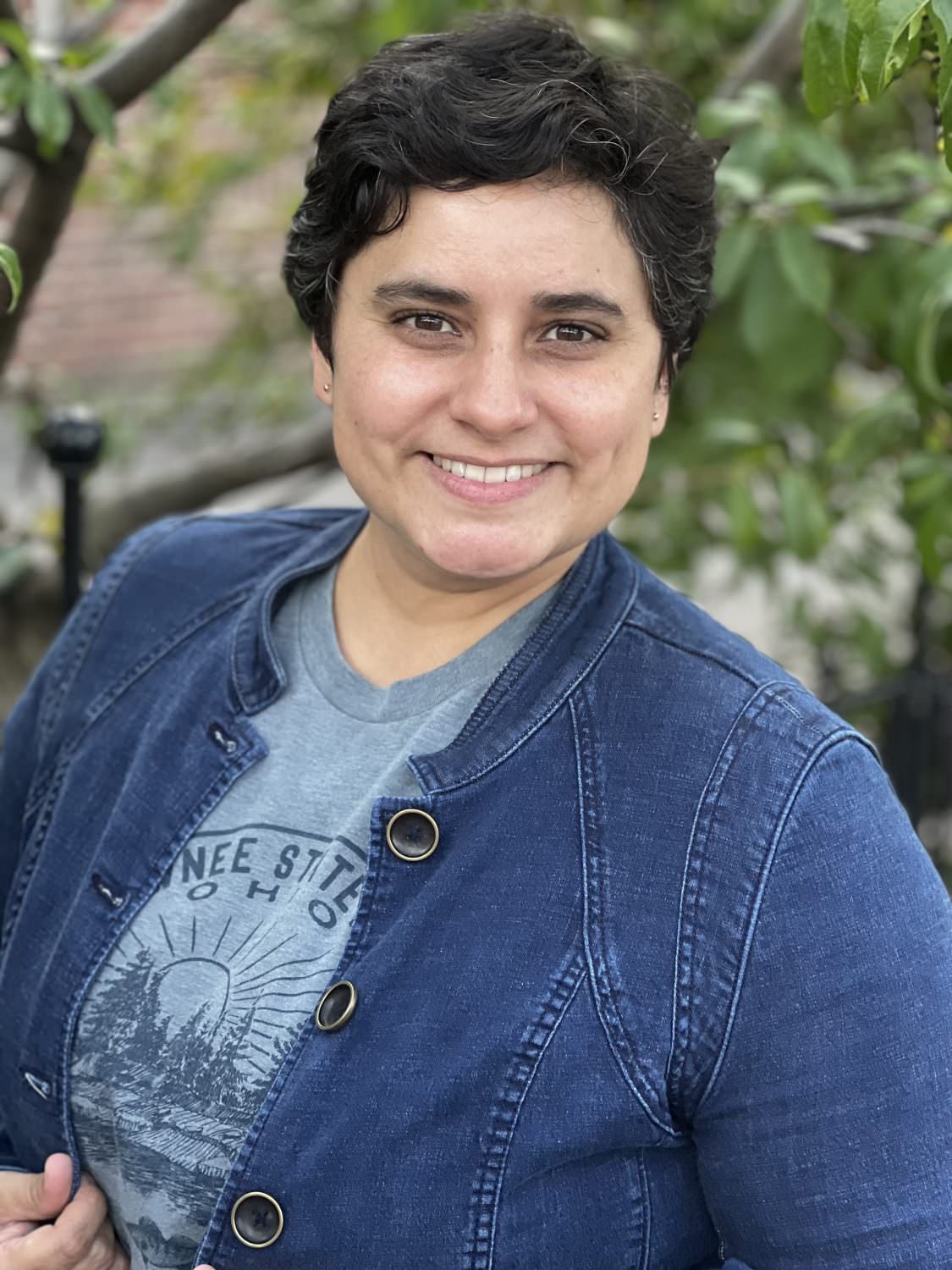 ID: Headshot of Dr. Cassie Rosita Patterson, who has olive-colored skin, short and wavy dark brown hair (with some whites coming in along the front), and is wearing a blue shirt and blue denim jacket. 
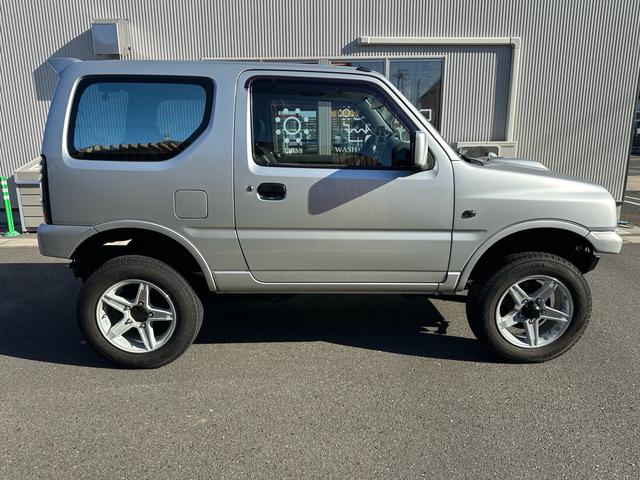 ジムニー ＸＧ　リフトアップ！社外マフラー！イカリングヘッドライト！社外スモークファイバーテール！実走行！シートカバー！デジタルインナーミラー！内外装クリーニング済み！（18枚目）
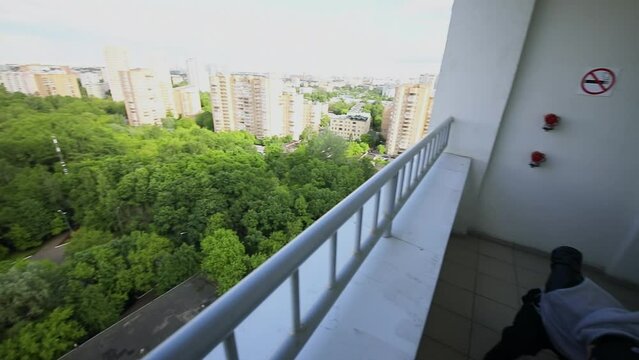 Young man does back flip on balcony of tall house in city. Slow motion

*-*-*

Instructions for the task —
Would you please transcribe the listing in full, exactly, while omitting the images?

Solution to the exercise —
 ID: Headshot of Dr. Cassie Rosita Patterson, who has olive-colored skin, short and wavy dark brown hair (with some whites coming in along the front), and is wearing a blue shirt and blue denim jacket. 
 ジムニー ＸＧ　リフトアップ！社外マフラー！イカリングヘッドライト！社外スモークファイバーテール！実走行！シートカバー！デジタルインナーミラー！内外装クリーニング済み！（18枚目）
 Young man does back flip on balcony of tall house in city. Slow motion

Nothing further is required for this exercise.